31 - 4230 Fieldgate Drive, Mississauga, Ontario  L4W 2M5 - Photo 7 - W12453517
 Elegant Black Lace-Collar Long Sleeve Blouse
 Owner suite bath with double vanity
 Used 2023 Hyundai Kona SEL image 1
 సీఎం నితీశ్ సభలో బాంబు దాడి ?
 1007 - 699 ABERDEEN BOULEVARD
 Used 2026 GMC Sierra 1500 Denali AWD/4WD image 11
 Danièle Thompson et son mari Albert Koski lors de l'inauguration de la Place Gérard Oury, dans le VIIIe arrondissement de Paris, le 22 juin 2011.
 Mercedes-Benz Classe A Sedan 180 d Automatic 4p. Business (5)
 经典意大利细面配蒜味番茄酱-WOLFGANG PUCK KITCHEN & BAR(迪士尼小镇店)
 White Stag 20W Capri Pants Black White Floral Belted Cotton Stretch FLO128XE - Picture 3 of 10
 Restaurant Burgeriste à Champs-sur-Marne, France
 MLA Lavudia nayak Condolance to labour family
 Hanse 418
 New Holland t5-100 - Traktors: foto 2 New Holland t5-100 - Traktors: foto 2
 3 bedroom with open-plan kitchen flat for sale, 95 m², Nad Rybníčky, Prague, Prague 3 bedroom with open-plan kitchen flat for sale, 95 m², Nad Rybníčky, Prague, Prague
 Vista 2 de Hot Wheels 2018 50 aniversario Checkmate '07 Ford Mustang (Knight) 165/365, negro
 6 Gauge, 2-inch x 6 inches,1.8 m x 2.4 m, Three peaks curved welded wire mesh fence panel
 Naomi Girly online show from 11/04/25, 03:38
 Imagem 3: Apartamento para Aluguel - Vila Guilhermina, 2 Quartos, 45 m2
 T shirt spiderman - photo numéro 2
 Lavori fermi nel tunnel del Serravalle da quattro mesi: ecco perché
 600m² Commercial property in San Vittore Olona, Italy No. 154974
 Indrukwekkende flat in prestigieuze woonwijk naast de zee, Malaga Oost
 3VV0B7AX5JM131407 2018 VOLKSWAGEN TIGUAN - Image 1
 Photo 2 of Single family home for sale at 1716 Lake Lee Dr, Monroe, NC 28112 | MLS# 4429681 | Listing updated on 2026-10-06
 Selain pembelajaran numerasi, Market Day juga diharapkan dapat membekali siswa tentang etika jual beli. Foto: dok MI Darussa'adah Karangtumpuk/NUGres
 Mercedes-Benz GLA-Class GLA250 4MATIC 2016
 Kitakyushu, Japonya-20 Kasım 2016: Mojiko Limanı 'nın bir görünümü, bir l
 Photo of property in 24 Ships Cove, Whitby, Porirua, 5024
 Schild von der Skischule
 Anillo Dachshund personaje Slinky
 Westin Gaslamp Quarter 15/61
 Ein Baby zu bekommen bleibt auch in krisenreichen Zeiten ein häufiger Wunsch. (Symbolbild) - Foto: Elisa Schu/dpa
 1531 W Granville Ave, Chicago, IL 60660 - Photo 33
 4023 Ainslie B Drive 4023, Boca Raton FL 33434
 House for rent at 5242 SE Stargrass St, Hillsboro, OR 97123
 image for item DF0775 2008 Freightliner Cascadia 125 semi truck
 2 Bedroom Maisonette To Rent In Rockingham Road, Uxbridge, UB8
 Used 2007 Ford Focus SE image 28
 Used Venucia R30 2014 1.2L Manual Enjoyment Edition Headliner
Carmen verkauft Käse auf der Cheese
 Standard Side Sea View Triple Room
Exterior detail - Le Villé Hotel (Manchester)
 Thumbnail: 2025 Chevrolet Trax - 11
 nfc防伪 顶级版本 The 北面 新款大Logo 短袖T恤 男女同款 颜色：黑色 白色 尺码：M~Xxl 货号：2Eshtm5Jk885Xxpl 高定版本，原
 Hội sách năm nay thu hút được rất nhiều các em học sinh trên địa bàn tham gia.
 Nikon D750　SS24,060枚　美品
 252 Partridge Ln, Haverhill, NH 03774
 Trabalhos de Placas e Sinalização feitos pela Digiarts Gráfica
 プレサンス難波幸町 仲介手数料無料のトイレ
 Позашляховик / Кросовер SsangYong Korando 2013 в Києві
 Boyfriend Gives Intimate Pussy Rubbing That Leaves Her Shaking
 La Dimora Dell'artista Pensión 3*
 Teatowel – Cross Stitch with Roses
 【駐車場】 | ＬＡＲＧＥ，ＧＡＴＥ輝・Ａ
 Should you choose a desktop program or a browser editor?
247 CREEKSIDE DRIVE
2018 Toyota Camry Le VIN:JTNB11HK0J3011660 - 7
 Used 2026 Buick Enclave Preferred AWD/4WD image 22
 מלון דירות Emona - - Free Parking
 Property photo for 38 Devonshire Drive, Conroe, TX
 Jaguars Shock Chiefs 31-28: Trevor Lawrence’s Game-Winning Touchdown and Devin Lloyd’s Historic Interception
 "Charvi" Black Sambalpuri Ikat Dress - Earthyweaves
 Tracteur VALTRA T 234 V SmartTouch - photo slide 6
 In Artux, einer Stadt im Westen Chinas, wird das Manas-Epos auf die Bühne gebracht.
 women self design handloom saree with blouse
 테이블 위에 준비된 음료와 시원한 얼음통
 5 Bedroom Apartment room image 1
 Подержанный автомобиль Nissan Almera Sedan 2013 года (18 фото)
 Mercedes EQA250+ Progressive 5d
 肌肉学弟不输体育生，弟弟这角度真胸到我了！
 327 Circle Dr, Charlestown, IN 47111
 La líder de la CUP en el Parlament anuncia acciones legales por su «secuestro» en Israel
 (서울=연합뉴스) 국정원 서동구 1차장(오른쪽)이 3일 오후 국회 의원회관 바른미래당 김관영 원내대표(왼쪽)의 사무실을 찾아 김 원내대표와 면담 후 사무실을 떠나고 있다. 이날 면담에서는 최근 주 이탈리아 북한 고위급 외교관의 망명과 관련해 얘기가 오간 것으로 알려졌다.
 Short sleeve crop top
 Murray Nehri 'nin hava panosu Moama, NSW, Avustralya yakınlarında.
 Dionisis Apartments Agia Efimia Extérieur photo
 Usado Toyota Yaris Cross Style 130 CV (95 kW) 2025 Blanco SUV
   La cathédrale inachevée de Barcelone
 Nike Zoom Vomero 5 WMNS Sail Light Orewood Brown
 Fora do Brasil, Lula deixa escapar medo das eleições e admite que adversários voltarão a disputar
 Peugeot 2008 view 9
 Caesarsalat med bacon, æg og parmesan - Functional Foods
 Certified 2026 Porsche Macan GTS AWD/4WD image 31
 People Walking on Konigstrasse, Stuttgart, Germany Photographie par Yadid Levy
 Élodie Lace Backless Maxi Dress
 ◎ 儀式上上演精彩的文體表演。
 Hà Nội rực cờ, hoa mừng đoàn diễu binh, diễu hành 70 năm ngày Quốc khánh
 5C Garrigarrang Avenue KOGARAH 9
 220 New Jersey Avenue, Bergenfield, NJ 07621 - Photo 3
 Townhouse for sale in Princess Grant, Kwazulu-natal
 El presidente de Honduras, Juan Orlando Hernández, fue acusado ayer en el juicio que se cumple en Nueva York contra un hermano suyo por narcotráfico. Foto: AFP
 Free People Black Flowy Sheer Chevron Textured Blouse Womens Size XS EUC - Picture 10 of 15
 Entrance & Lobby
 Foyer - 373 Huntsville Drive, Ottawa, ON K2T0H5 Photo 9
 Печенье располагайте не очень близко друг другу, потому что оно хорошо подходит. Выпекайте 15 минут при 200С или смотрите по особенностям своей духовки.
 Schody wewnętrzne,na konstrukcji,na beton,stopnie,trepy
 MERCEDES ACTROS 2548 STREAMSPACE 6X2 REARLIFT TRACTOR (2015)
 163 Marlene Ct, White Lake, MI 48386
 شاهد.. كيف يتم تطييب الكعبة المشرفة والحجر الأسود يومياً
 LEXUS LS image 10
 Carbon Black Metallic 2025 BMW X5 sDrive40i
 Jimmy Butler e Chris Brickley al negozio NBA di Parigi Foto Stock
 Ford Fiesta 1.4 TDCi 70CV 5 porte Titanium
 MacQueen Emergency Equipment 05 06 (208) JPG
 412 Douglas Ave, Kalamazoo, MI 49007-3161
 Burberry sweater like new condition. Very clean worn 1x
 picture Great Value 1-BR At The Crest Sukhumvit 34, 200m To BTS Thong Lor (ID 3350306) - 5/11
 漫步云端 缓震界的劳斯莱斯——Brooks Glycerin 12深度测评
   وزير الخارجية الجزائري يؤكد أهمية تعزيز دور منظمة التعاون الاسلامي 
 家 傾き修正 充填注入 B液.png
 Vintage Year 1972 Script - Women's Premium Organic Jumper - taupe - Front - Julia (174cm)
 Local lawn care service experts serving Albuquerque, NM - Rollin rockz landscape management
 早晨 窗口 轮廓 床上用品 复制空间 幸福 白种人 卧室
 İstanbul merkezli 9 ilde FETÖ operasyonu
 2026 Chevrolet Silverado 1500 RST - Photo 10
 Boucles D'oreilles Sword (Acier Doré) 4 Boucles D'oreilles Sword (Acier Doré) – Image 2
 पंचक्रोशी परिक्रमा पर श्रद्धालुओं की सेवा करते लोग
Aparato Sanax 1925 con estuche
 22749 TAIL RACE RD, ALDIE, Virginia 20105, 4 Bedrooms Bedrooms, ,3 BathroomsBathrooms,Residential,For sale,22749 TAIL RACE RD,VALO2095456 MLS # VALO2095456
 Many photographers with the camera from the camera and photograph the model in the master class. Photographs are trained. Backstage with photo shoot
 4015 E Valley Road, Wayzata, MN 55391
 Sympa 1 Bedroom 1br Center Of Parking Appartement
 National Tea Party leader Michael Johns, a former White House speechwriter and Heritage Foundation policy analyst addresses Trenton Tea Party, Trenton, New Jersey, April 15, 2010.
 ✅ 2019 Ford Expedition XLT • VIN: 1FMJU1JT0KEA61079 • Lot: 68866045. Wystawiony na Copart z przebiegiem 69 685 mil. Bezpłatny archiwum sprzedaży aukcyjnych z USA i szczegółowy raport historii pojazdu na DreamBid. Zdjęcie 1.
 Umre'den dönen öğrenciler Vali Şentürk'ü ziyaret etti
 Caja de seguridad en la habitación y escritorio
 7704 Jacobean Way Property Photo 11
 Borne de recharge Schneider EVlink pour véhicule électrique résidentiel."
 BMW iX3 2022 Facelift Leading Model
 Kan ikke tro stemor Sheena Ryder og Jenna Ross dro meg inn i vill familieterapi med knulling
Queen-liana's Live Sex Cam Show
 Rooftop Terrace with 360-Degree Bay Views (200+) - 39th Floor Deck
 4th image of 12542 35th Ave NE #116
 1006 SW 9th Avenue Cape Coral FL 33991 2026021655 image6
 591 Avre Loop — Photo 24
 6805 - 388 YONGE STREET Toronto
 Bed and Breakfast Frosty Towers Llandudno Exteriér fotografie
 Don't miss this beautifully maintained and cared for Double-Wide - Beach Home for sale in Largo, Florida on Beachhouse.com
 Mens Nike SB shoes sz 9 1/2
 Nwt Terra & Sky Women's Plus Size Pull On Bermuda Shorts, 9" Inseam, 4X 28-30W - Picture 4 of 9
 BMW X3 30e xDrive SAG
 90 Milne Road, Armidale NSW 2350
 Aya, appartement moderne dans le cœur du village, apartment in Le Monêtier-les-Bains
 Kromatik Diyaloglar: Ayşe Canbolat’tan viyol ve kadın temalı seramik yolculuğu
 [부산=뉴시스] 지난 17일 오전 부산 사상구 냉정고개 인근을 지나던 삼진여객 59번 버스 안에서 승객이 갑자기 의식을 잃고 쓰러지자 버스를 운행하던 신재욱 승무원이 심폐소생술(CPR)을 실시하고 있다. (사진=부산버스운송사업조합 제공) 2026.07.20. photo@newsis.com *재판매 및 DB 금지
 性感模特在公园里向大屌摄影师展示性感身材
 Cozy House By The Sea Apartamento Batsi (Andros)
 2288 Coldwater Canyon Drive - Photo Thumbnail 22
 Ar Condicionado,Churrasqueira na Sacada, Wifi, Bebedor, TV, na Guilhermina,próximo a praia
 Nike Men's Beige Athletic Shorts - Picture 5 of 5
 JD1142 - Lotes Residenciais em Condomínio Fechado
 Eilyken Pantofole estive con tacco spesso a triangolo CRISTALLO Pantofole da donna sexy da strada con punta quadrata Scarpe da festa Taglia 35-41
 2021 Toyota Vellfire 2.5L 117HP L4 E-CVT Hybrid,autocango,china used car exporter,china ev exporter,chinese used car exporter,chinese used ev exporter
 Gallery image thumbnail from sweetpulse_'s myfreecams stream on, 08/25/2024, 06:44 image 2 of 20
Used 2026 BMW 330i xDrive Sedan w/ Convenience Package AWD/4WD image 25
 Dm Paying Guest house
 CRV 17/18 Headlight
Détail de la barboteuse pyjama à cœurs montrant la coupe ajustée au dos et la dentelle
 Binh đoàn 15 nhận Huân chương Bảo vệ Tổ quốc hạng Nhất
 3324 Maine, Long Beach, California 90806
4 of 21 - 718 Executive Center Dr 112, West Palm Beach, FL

================

### [WHAT YOU WILL DO]
Look above for the line containing "image for item" and the line containing "252 Partridge Ln, Haverhill, NH 03774". Transcribe both, with the lines between them, exactly.

### [ANSWER BELOW]
 image for item DF0775 2008 Freightliner Cascadia 125 semi truck
 2 Bedroom Maisonette To Rent In Rockingham Road, Uxbridge, UB8
 Used 2007 Ford Focus SE image 28
 Used Venucia R30 2014 1.2L Manual Enjoyment Edition Headliner
Carmen verkauft Käse auf der Cheese
 Standard Side Sea View Triple Room
Exterior detail - Le Villé Hotel (Manchester)
 Thumbnail: 2025 Chevrolet Trax - 11
 nfc防伪 顶级版本 The 北面 新款大Logo 短袖T恤 男女同款 颜色：黑色 白色 尺码：M~Xxl 货号：2Eshtm5Jk885Xxpl 高定版本，原
 Hội sách năm nay thu hút được rất nhiều các em học sinh trên địa bàn tham gia.
 Nikon D750　SS24,060枚　美品
 252 Partridge Ln, Haverhill, NH 03774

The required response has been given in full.